======== EXCERPTED RECORDS

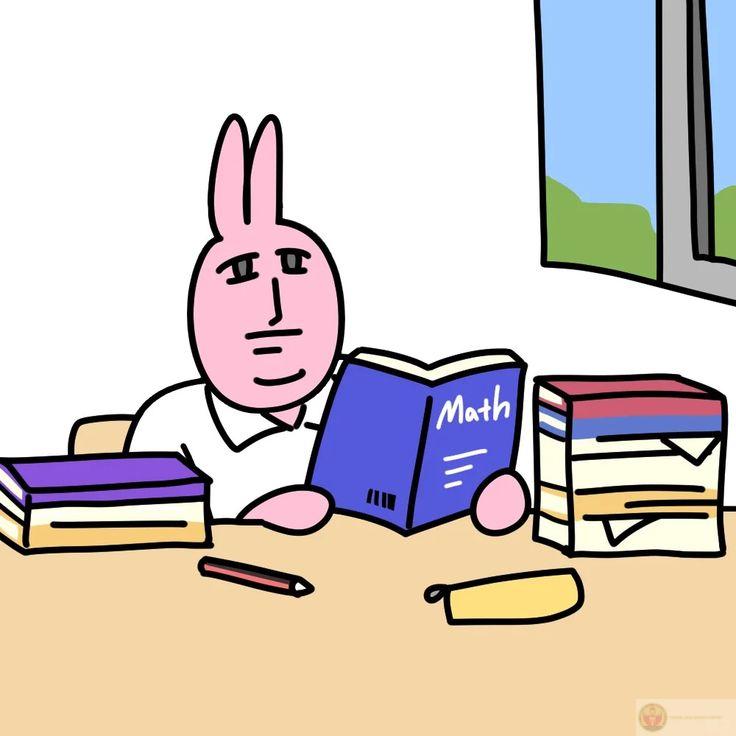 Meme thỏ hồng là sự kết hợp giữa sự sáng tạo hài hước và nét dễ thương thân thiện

================
======== EXCERPTED RECORDS

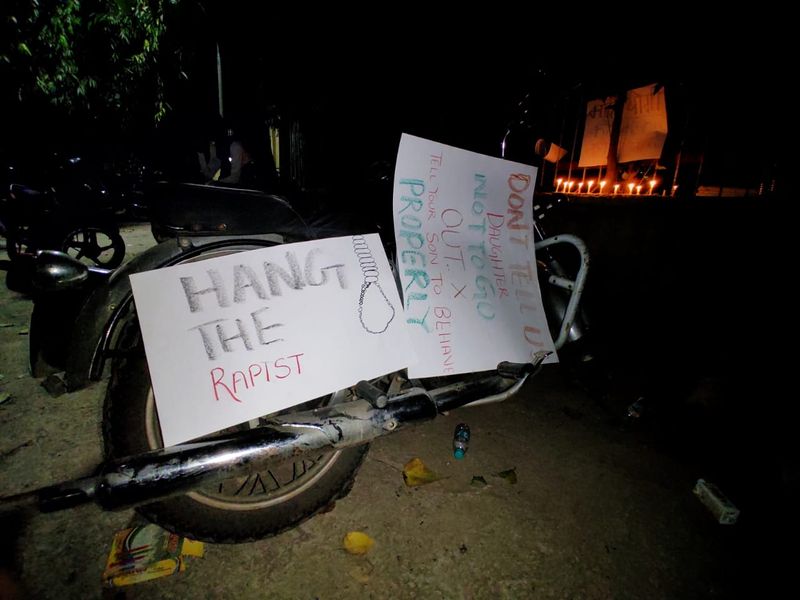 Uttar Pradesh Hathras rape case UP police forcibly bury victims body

================
======== EXCERPTED RECORDS

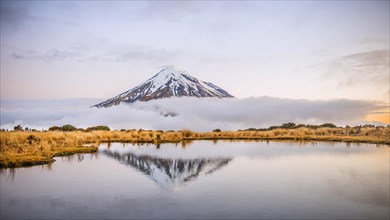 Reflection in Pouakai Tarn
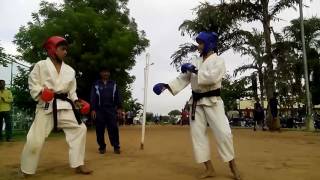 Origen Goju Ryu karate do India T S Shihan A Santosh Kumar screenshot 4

================

■ **WHAT YOU SHOULD DO**
The reply should hold the entries above from the line with "Reflection in Pouakai Tarn" to the line with "Origen Goju Ryu", duplicated exactly, pictures excluded.

■ **REPLY**
 Reflection in Pouakai Tarn
 Origen Goju Ryu karate do India T S Shihan A Santosh Kumar screenshot 4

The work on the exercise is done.